- [Task goal] Reproduce, without alteration, every line of the data; exclude the images.

-------------------------

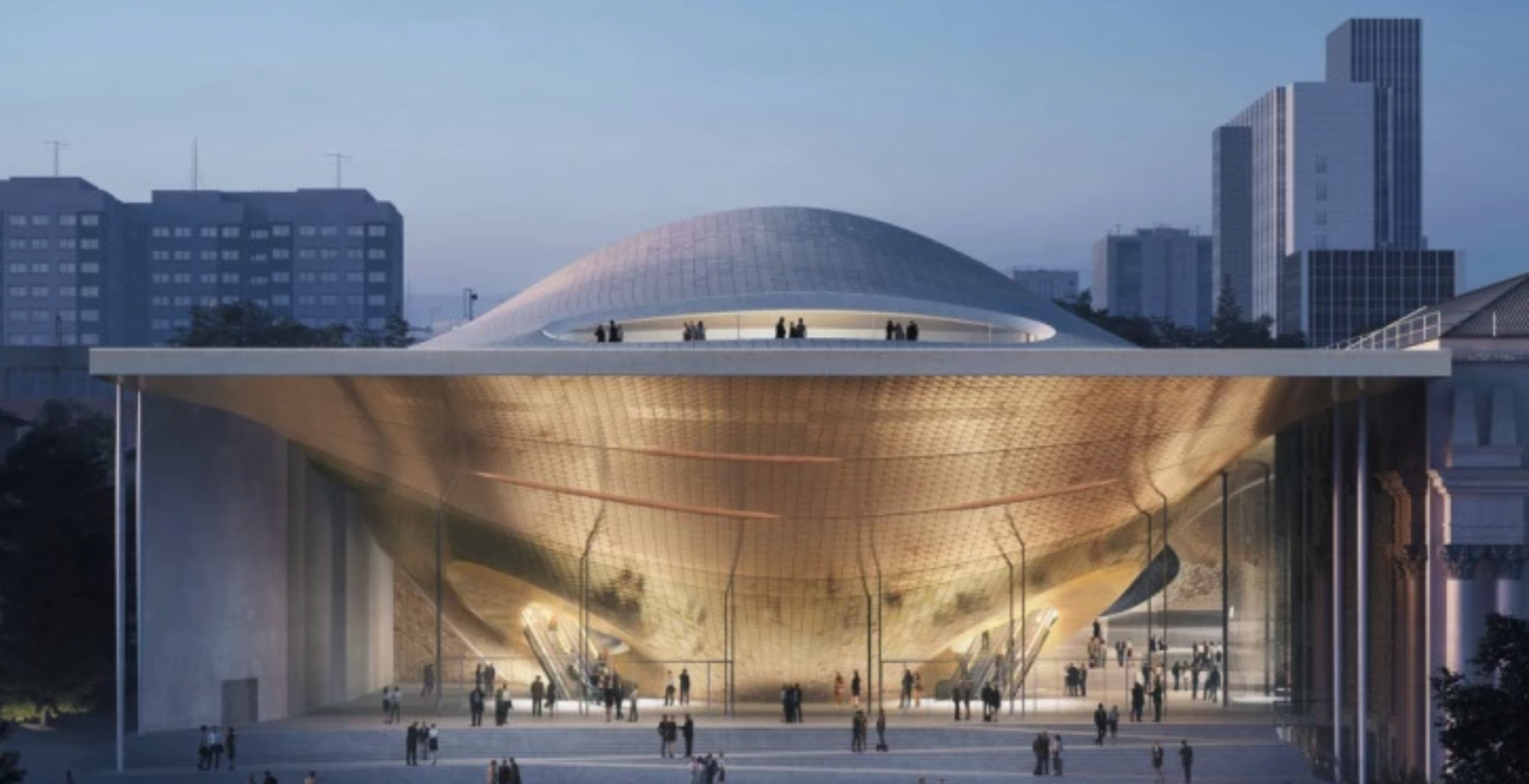 Фото: бюро Zaha Hadid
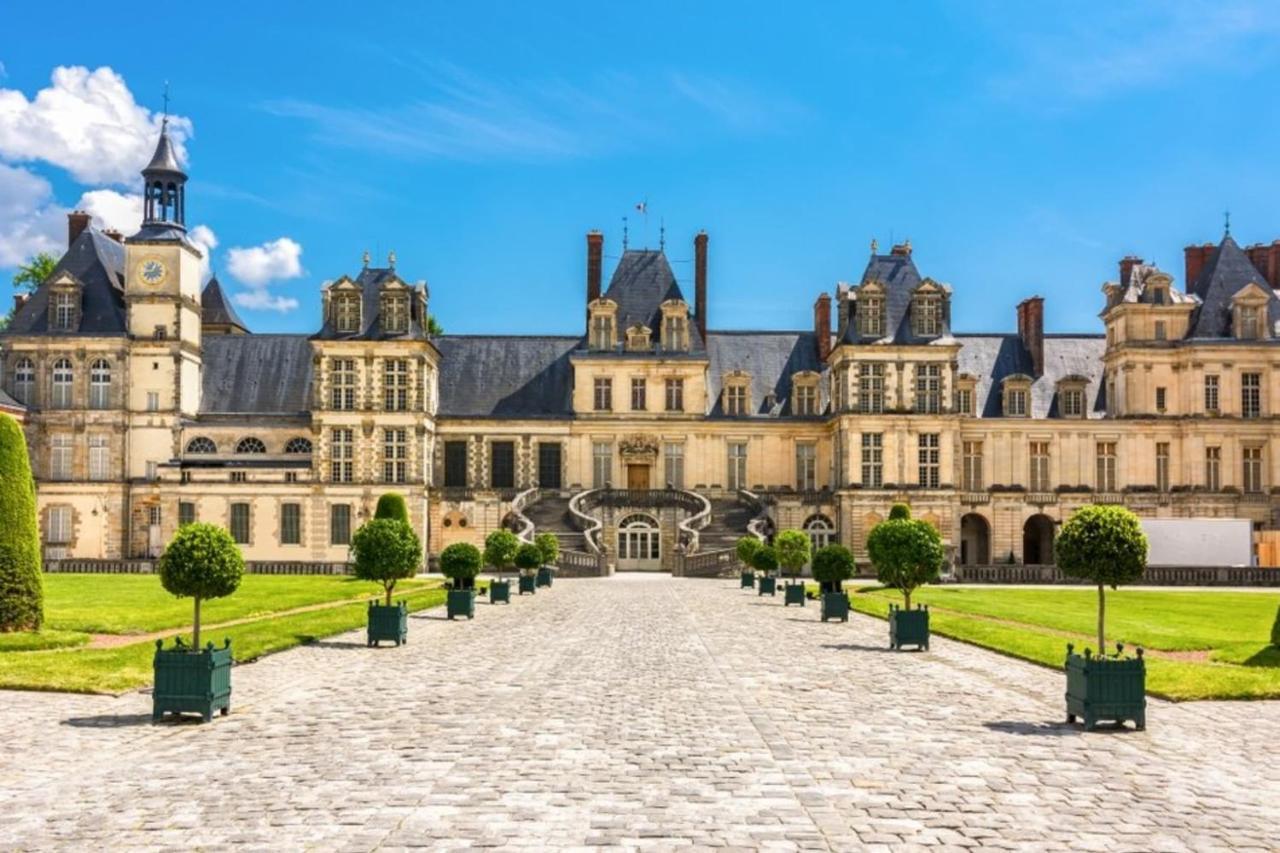 The Little French Studio - Fontainebleau Appartement Buitenkant foto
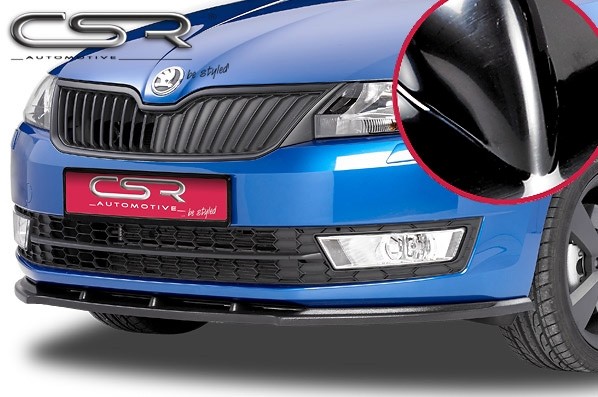 Voorspoiler Skoda Rapid NH CSL092-G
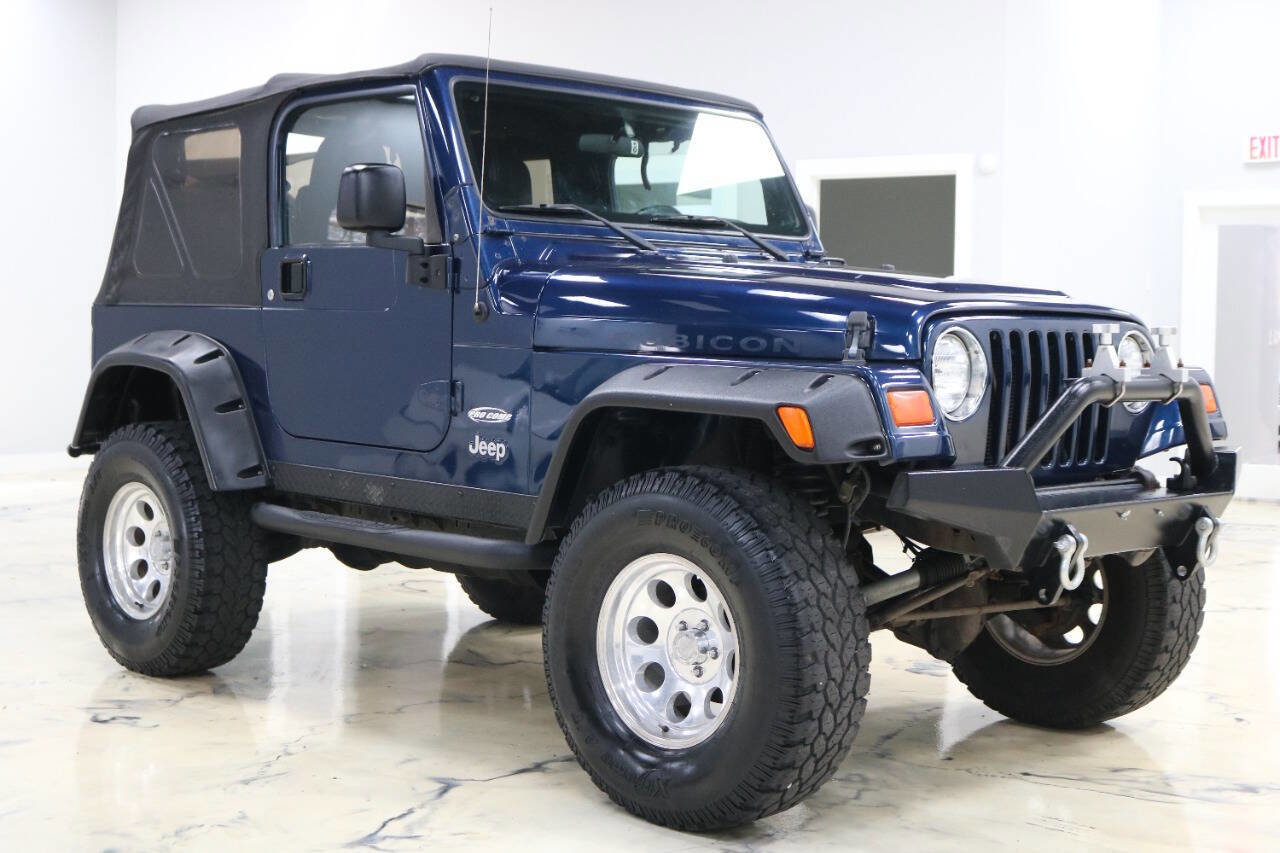 Used 2004 Jeep Wrangler Rubicon AWD/4WD image 5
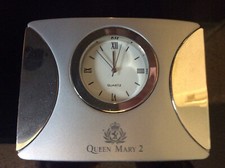 Queen Mary II small Clock In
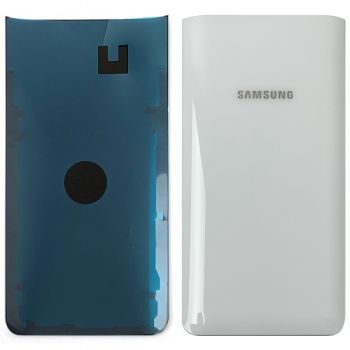 Задняя крышка Samsung A805 (SM-A805F, SM-A805F/DS) Galaxy A80 2019 белая Оригинал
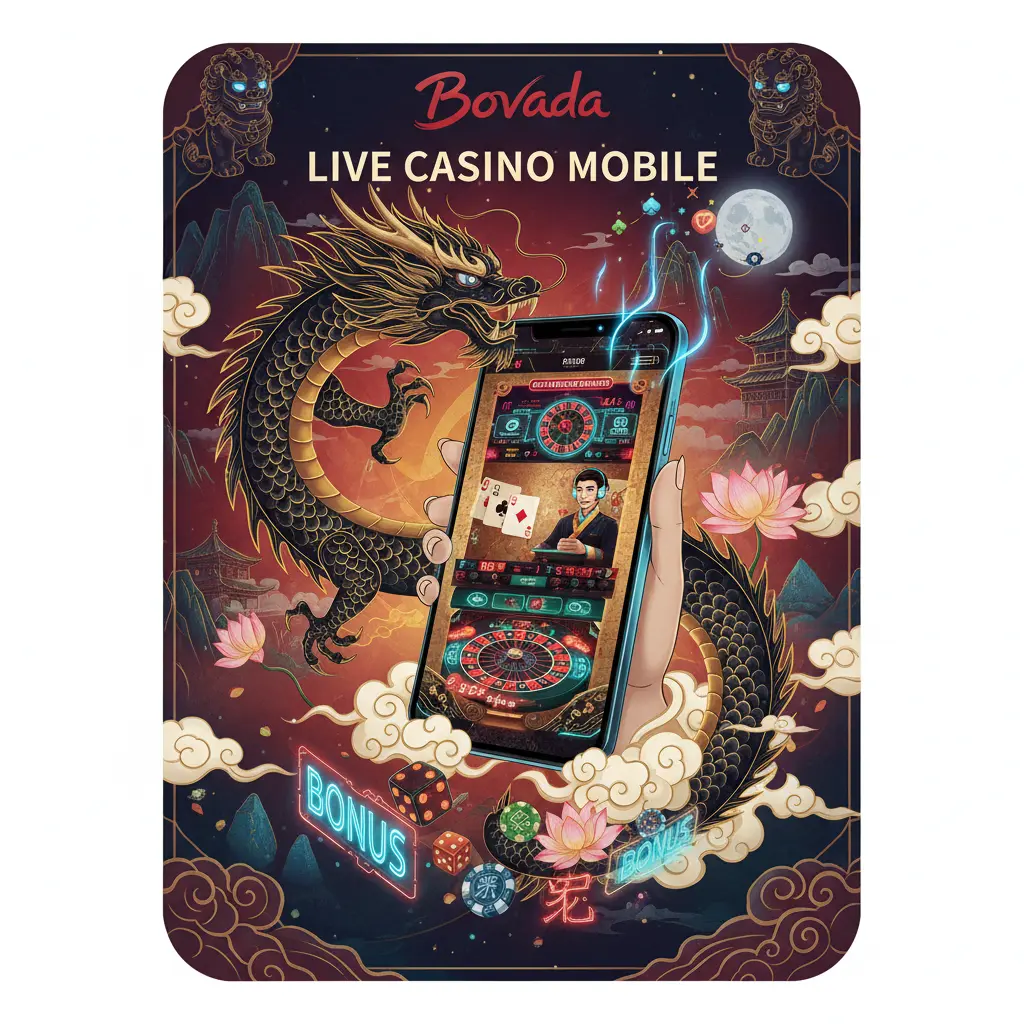 Live casino mobile experience - Bovada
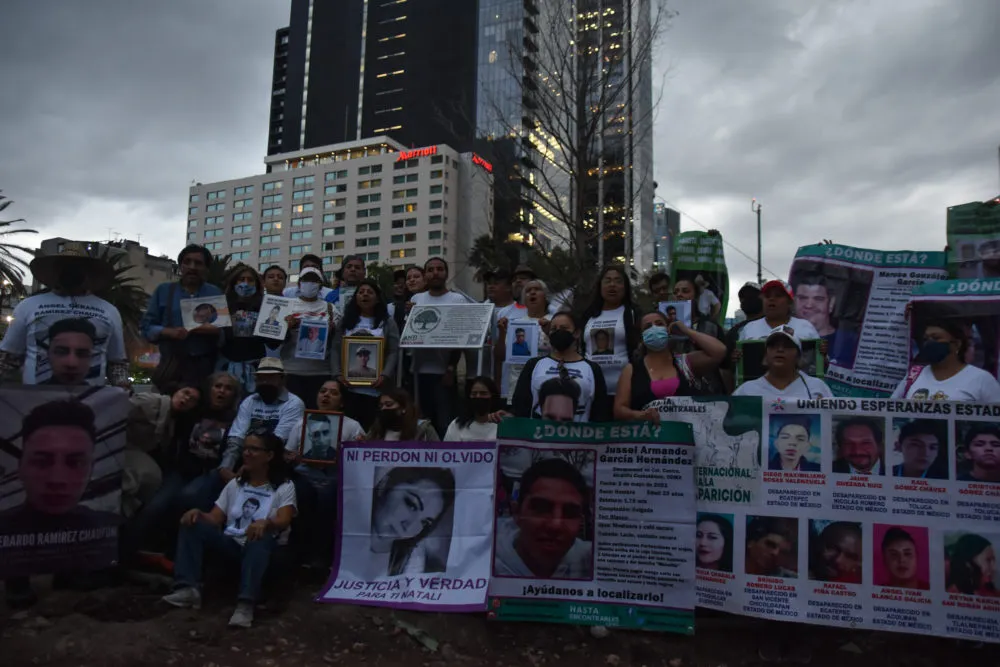 Gobierno de México rechaza informe de la ONU sobre desapariciones forzadas y lo califica de tendencioso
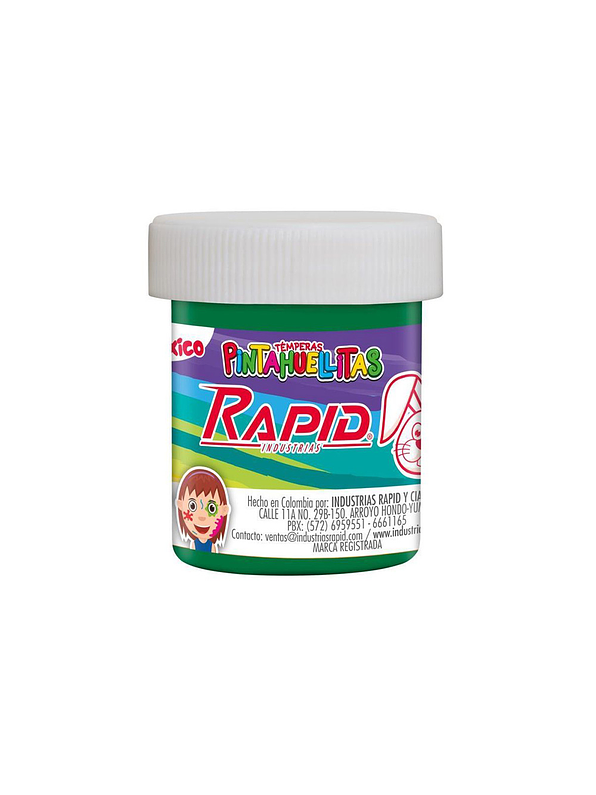 Pinta huellitas Rapid  2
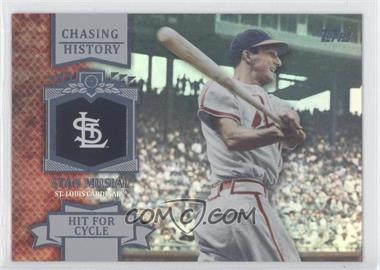 2013 Topps - Chasing History - Silver Foil #CH-74 - Stan Musial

-------------------------

- [Answer for this exercise]
 Фото: бюро Zaha Hadid
 The Little French Studio - Fontainebleau Appartement Buitenkant foto
 Voorspoiler Skoda Rapid NH CSL092-G
 Used 2004 Jeep Wrangler Rubicon AWD/4WD image 5
 Queen Mary II small Clock In
 Задняя крышка Samsung A805 (SM-A805F, SM-A805F/DS) Galaxy A80 2019 белая Оригинал
 Live casino mobile experience - Bovada
 Gobierno de México rechaza informe de la ONU sobre desapariciones forzadas y lo califica de tendencioso
 Pinta huellitas Rapid  2
 2013 Topps - Chasing History - Silver Foil #CH-74 - Stan Musial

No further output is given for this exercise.